1.4. Under the Covers

  • The five classic components of a computer are input, output, memory, datapath, and control, with the last two sometimes combined and called the processor.
  • Access times for DRAM in the 50 nanoseconds range.
  • Access times for flash is in the 5 to 50 microseconds range.
  • Access times for hard disk is in 5 to 20 ms range.
  • Flash memory bits wear out after 100,000 to 1,000,000 writes

1.5 Technologies for Building Processors and Memory

  • Transistor is an on/off switch controlled by electricity

1.6. Performance

  • wall clock time, response time, elapsed time all refer to the total time to complete a task
  • CPU time only looks is the time CPU spends computing and does not include time spent time waiting for I/O.
  • Hertz measures cycles per second. If a complete clock clock cycle takes 250 picoseconds then you would get 1/250x10-12 = 4x10^9 or 4GHz
  • The average number of clock cycles each instruction takes to execution is called clock cycles per instruction or CPI
  • Instructions per clock cycle (IPC) is the inverse of CPI
  • Clock rate is the inverse of clock cycle time

1.7. The Power Wall

  • CMOS stands for complementary metal oxide semiconductor
  • Current problem with microprocessor improvement is lowering voltage makes the transistors too leaky, like water faucets that cannot be completely shut off. 40% of power consumption in server chips is due to leakage.

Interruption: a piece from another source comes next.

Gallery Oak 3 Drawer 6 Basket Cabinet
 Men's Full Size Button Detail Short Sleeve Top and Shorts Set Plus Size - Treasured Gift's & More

1.8. The Sea Change: The Switch from Uniprocessors to Multiprocessors

ImportantQuestion❓

To reduce confusion between the words processor and microprocessor, companies refer to processors as “cores,” and such microprocessors are generically called multicore microprocessors. Hence, a “quadcore” microprocessor is a chip that contains four processors or four cores.

What makes a “core” a core?

1.11. Historical Perspective and Further Reading

NoteAside

Among the technologies incorporated in the Alto were

  • a bit-mapped graphics display integrated with a computer (earlier graphics displays acted as terminals, usually connected to larger computers)
  • a mouse, which was invented earlier, but included on every Alto and used extensively in the user interface
  • a local area network (LAN), which became the precursor to the Ethernet
  • user interface based on Windows and featuring a WYSIWYG (what you see is what you get) editor and interactive drawing programs

This was discussed on Oxide and Friends: A Half-Century of Silicon Valley with Randy Shoup

Chapter 2: Instructions

2.1. Introduction

  • Stored-program is the idea instructions and data of many types can be stored in memory as numbers and thus easy to change.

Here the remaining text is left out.